» RAW DATA:
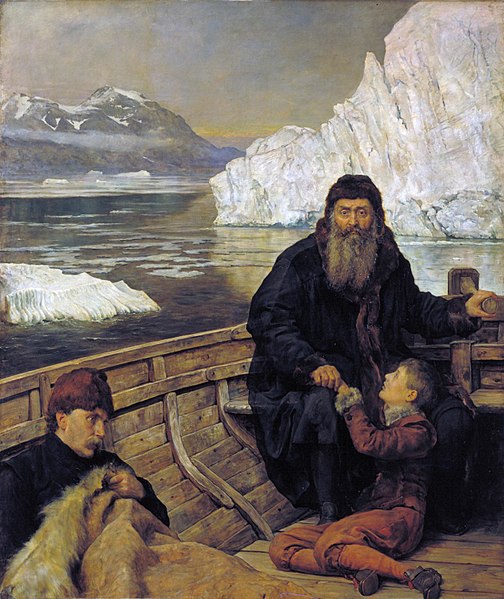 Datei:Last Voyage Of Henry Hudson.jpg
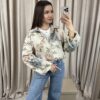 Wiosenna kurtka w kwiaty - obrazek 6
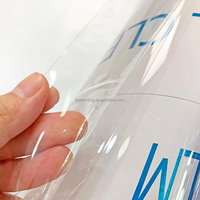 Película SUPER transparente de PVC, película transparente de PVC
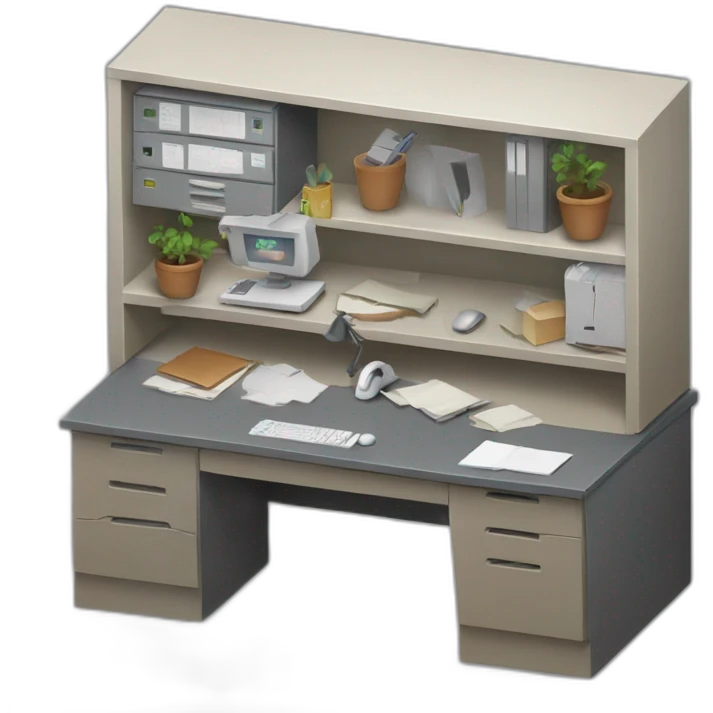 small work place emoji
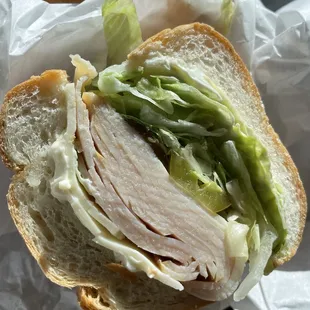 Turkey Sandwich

» TASK: Write out exactly the lines that run from the one containing "Película SUPER transparente" to the last line of the entries above, both ends kept, pictures left out.

» OUTPUT BELOW:
 Película SUPER transparente de PVC, película transparente de PVC
 small work place emoji
 Turkey Sandwich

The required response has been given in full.